Tom : Et on répète ici aussi donc le process d’écriture a été super facile pour ce nouvel album. On avait pas mal d’idées, c’est le disque avec lequel on a pris le plus notre pied ! Le travail sur les sonorités, en particulier, m’a paru plus simple. J’ai d’ailleurs pas mal expérimenté avec mon laptop plutôt que juste avec mes pédales. Et Celebration était, d’une certaine façon, un peu plus expérimental, un peu moins fun vu qu’il y a beaucoup de changements et de ‘looping’. On avait même fait des boucles de parties de batterie ! (rires)

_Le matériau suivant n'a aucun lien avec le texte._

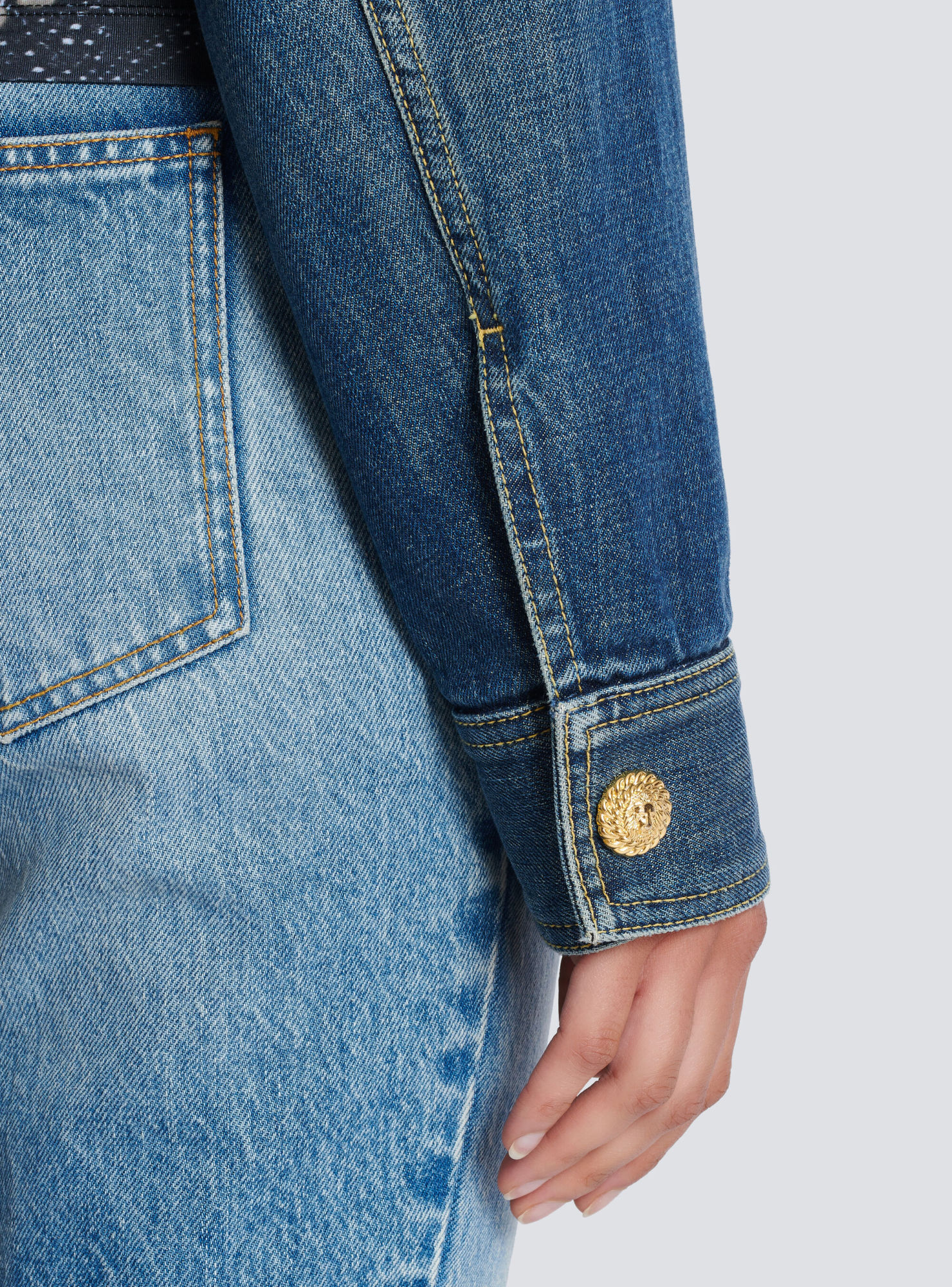 Shop Balmain Cropped Faded Denim Jacket In Blue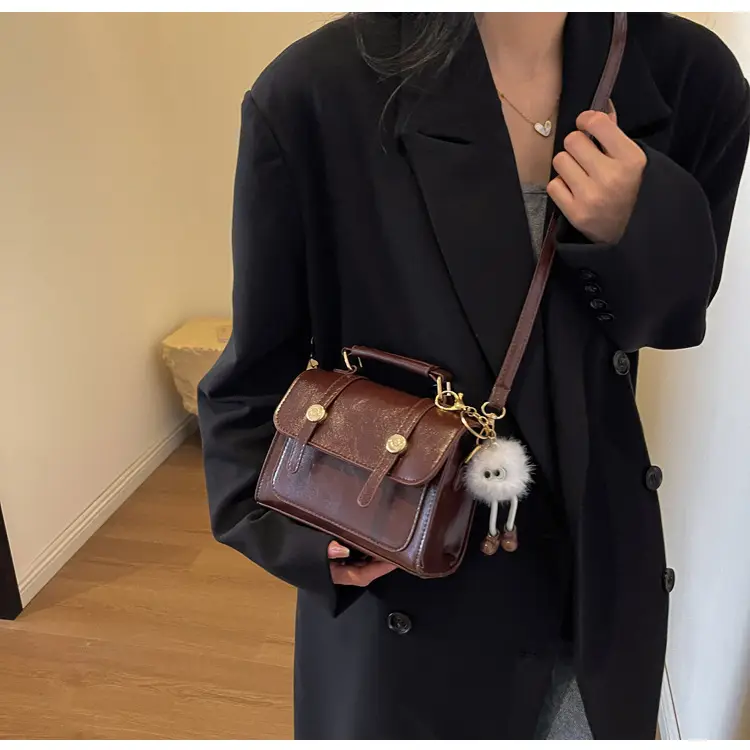 Brown Faux Leather Shoulder Bag with Furry Pendant — feature 13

Waterfall Cave Fantasy, Forever semble plus varié et plus subtil…
Tom : Tant mieux si c’est le cas ! C’était notre objectif de départ… On y a intégré bon nombre d’idées qui nous trottaient dans la tête.
Vous avez pas mal tourné avec Zeal & Ardor. Qu’avez vous retiré de cette expérience ? Comment avez-vous été accueillis par leur public ?
Tom : On a tourné deux fois avec eux, en 2018 et 2019. Leur public est, sans grande surprise, très ouvert d’esprit. C’est comme ça que doit être le black metal… Ils ratissent plutôt large niveau influences et nous aussi, donc ça ne pouvait que le faire ! Ça a très bien fonctionné, même si ça n’était pas forcément toujours du goût de tous…
Tuomas : Oui mais c’est cool, on ne cherche pas à plaire à tout prix à tout le monde de toute manière… On n’est pas ABBA, même si ça plairait à ma mère ! (rires)
Tom : À la mienne aussi sûrement ! En tout cas, ces tournées étaient top, on a pu jouer dans des salles vraiment grandes, devant 800 personnes certains soirs. C’est très cool de leur part, vu leur niveau de popularité, d’emmener un groupe comme le notre en tournée. Ce sont des gens adorables, une belle bande de nerds bien cools. Une fois ces tournées terminées, on a repris nos concerts dans des squats devant 20 personnes… (rires)
Quels sont vos plans pour les prochains mois ?
Tom : On part très bientôt pour une assez longue tournée, puis on en refera une autre au printemps prochain, et enfin quelques festivals. On a eu de bonnes expériences en festivals donc on est chauds pour rempiler !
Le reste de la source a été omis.